Calon suami Rania direbut oleh adik kandungnya sendiri. Apa Rania akan diam saja dan merelakan calon suaminya? Tentu saja tidak! Rania membalaskan dendamnya dengan cara yang lebih sakit, meski harus merelakan dirinya sendiri.
Karya ini diterbitkan atas izin NovelToon sweetiemiliky, isi konten hanyalah pandangan pribadi pembuatnya, tidak mewakili NovelToon sendiri
Bab 5 : Harus mengalah?
"Maksudnya?" Rania tertawa hambar diakhir kalimat. Ia memandangi anggota keluarganya satu persatu, namun semua ekspresi yang Rania lihat sama.

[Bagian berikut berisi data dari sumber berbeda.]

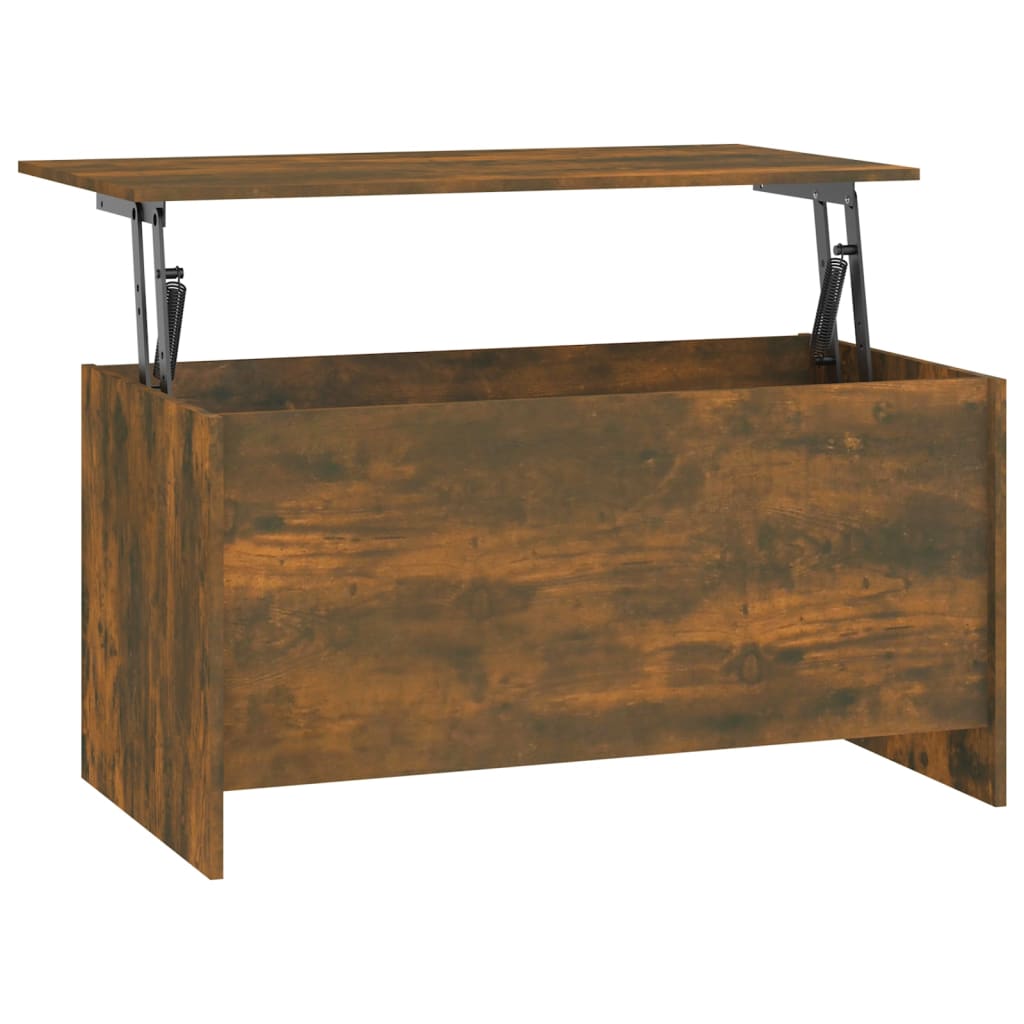 vidaXL VidaXL Coffee Table 102x55.5x52.5 cm Smoked Oak Lift Top With Hidden Storage For Living Room - Coffee Table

Entah Anton, Ambar, serta Bumi, mereka menunduk dan tidak berani balik menatapnya. Kecuali Mina. Ia adalah orang yang baru saja bersuara dan mengejutkan tiga orang disana karena keberaniannya.
"Maksudnya apa? Kalau ini hanya lelucon, sumpah! Tidak lucu."
"Tidak ada yang membuat lelucon saat ini, ibu baru saja berkata jujur," Kata Mina lagi. "Ambar hamil dan Bumi harus bertanggung jawab atas perbuatannya."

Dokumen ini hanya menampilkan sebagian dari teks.